My dealer lost the black iron damper that sits on top of the BGE, and now they tell me its not supposed to be with it - its an extra. Is this right or are they BS'ing me? If right, do I need one or not. They are supposively $48.


----------



## vgrund (Dec 28, 2006)

DeanB, I think they are BSing you.  They come with the cast iron adjustable damper.  Yes, you need one.


----------



## DeanBrown3D (Dec 29, 2006)

vgrund said:
			
		

> DeanB, I think they are BSing you.  They come with the cast iron adjustable damper.  Yes, you need one.
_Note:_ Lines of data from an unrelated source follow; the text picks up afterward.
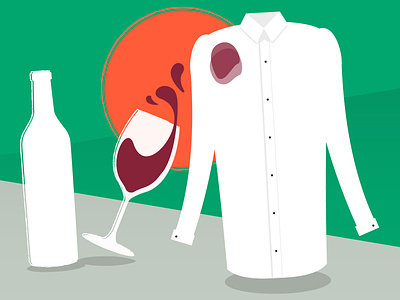 Wine Stain advertisement alcohol clean clothes drink fancy food graphic food illustration illustration shiraz shirt social stain wine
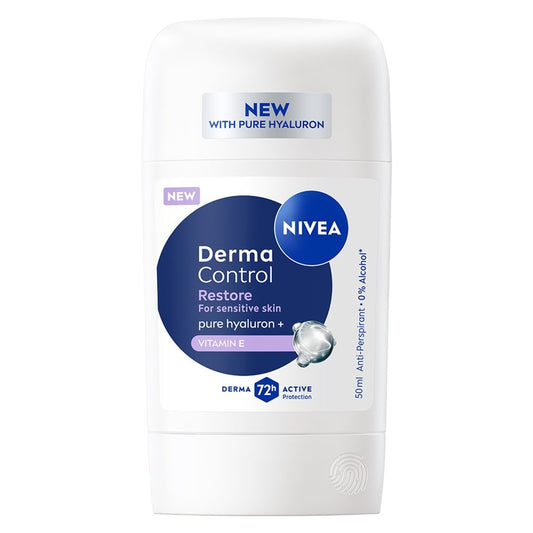 Antiperspirant Stick Nivea Derma Control Restore, Protectie 96h, Formula Hidratanta, 50 ml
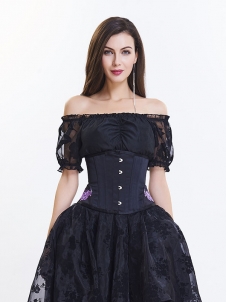 Women Black Floral Embroidered Corsets and Bustiers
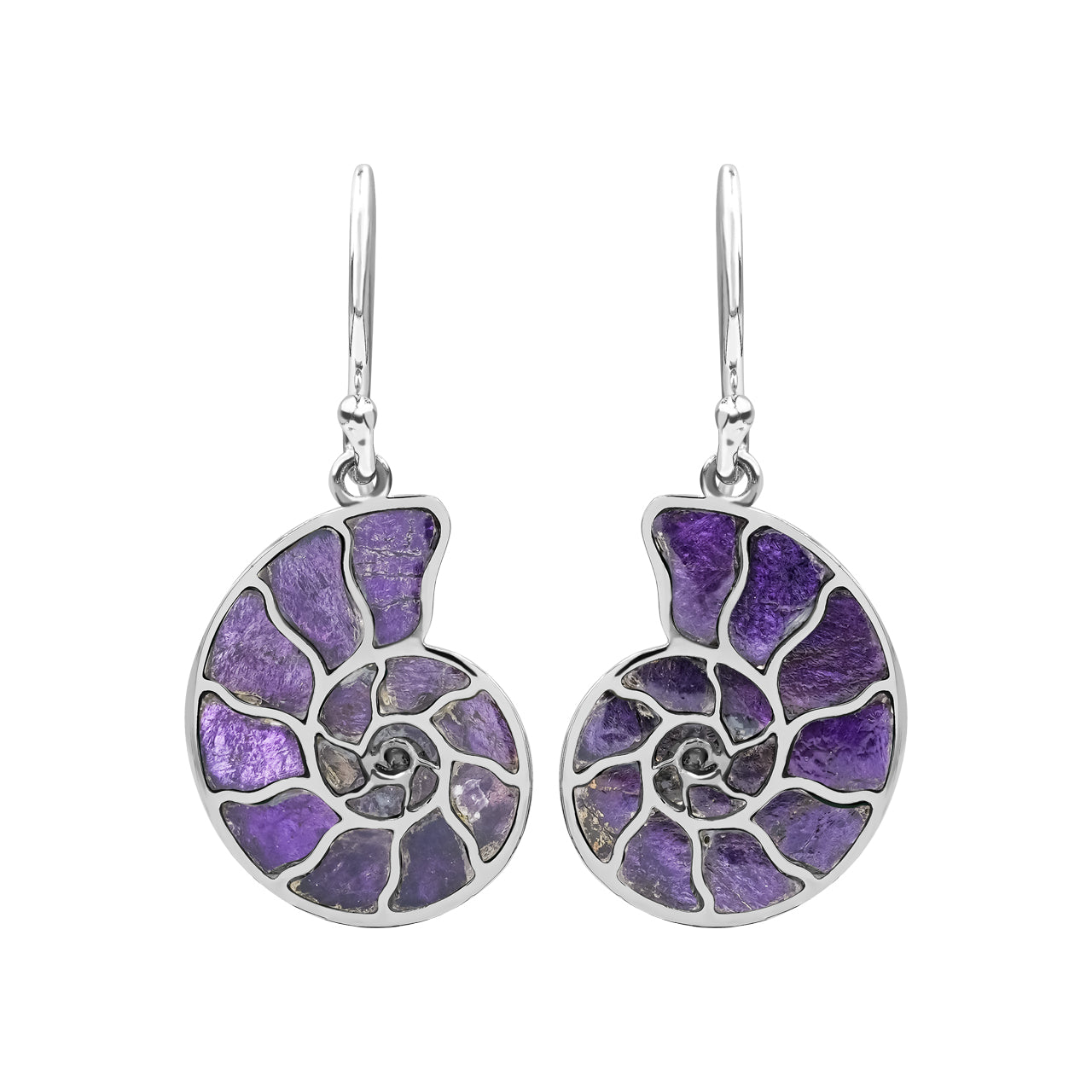 Starborn Nautilus Ammonite with Gemstones Inlay Earring in Sterling Silver - Small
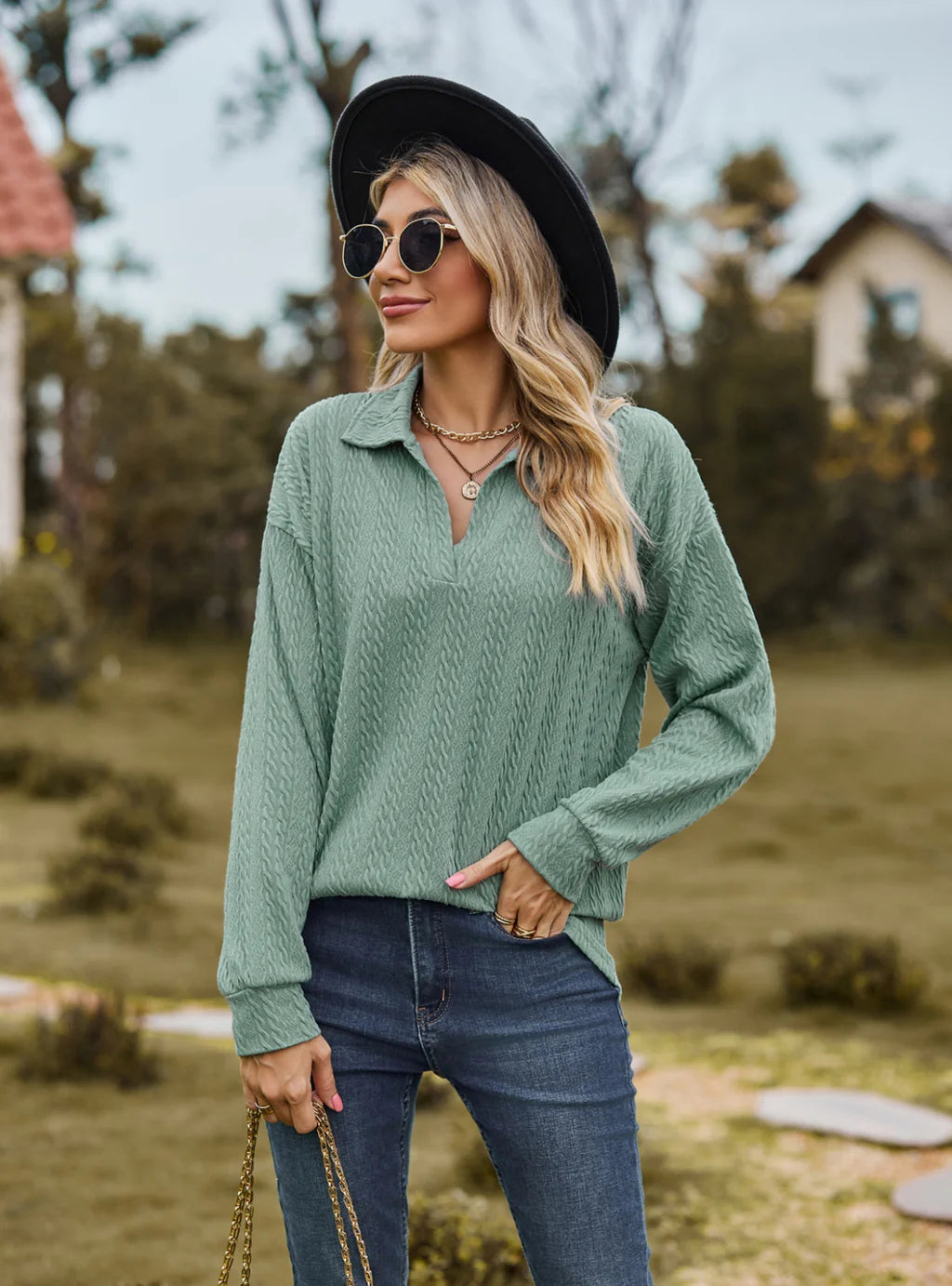 SOLID COLOR LAPEL LOOSE LONG SLEEVE TOP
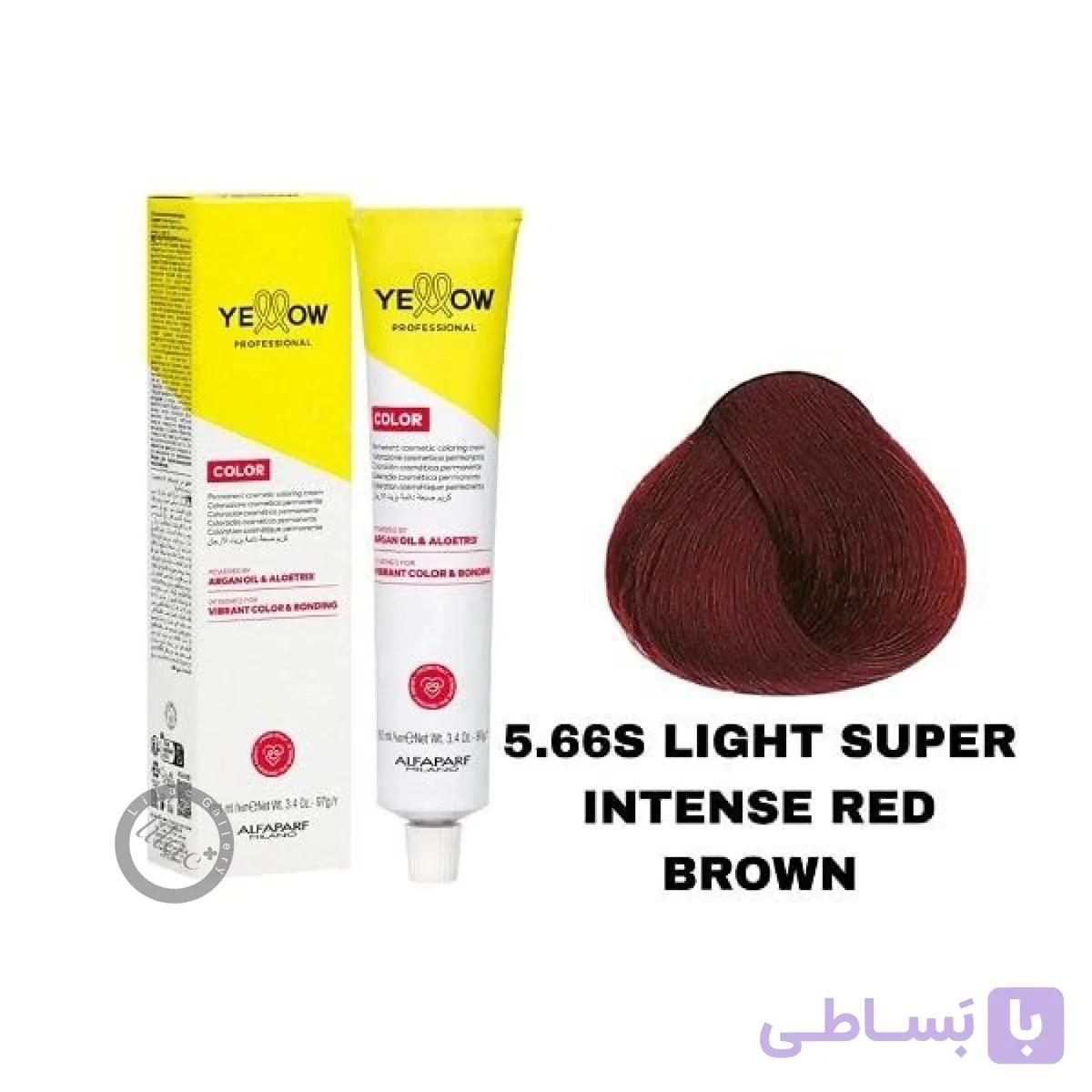 آلفا پرف یلو ALFAPARF YELLOW PROFESSIONAL رنگ مو شماره 5.26 قهوه ای بنفش قرمز روشن 100 میل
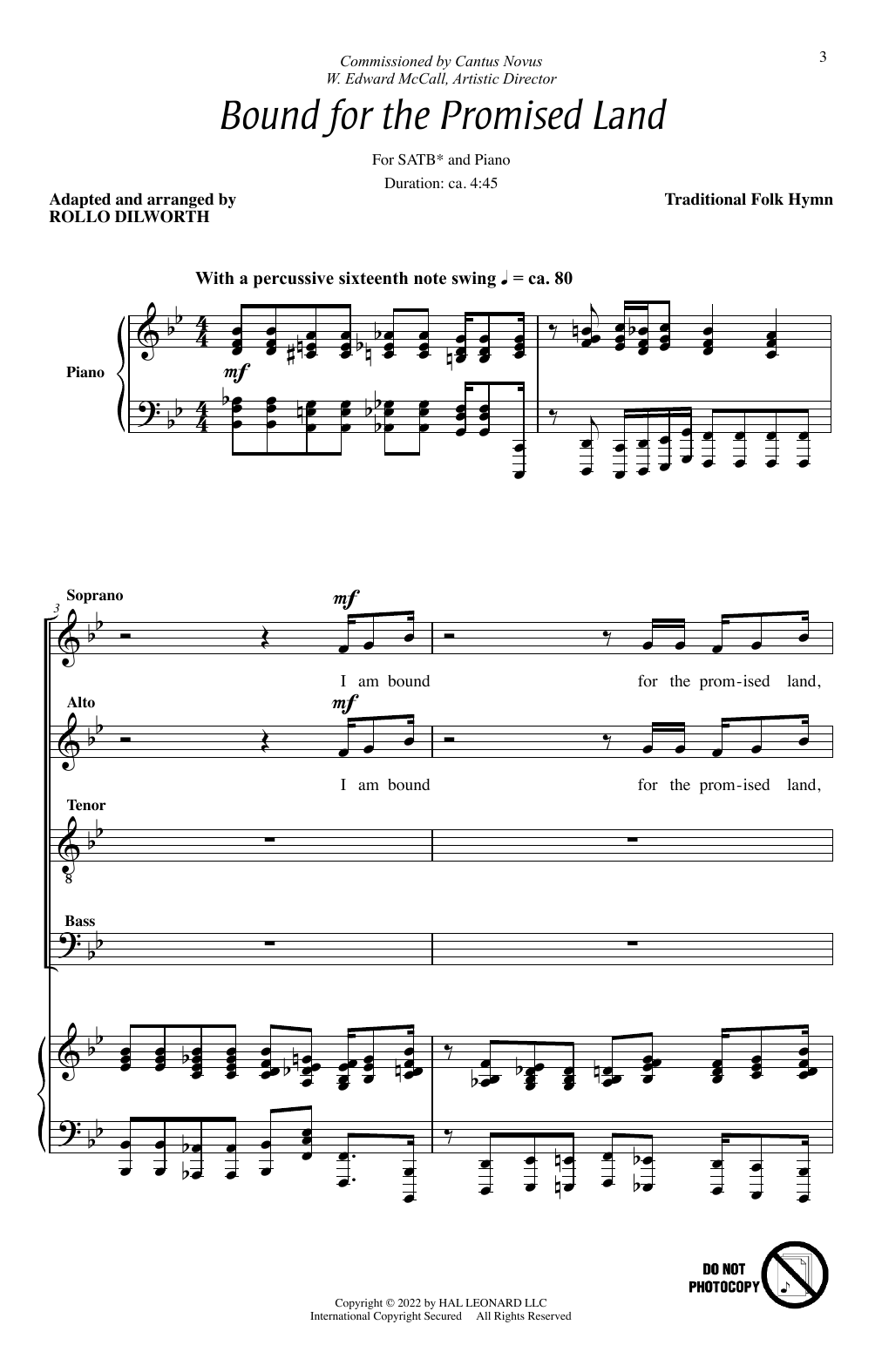 Traditional Spiritual Bound For The Promised Land (arr. Rollo Dilworth) Sheet Music Notes & Chords for SATB Choir - Download or Print PDF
Hmm, maybe time for a different dealer? Thanks for letting me know.

Dean


----------



## vgrund (Dec 29, 2006)

I'm happy to help. YMMV, but when I purchased mine it came with a rain cap, cast iron damper and grill grate.  The options were: the stand, ash rake, grill lifter and plate setter (I already had a thick pizza stone).

Victor


----------



## stoveguy2esw (Jan 9, 2007)

mine came with one , you need it, he's bs'ing you


----------



## MountainStoveGuy (Jan 9, 2007)

Well, they all dont come with them. We chose to include them. they are in a seperate box. Whats the price he wants for the egg with out the damper?


----------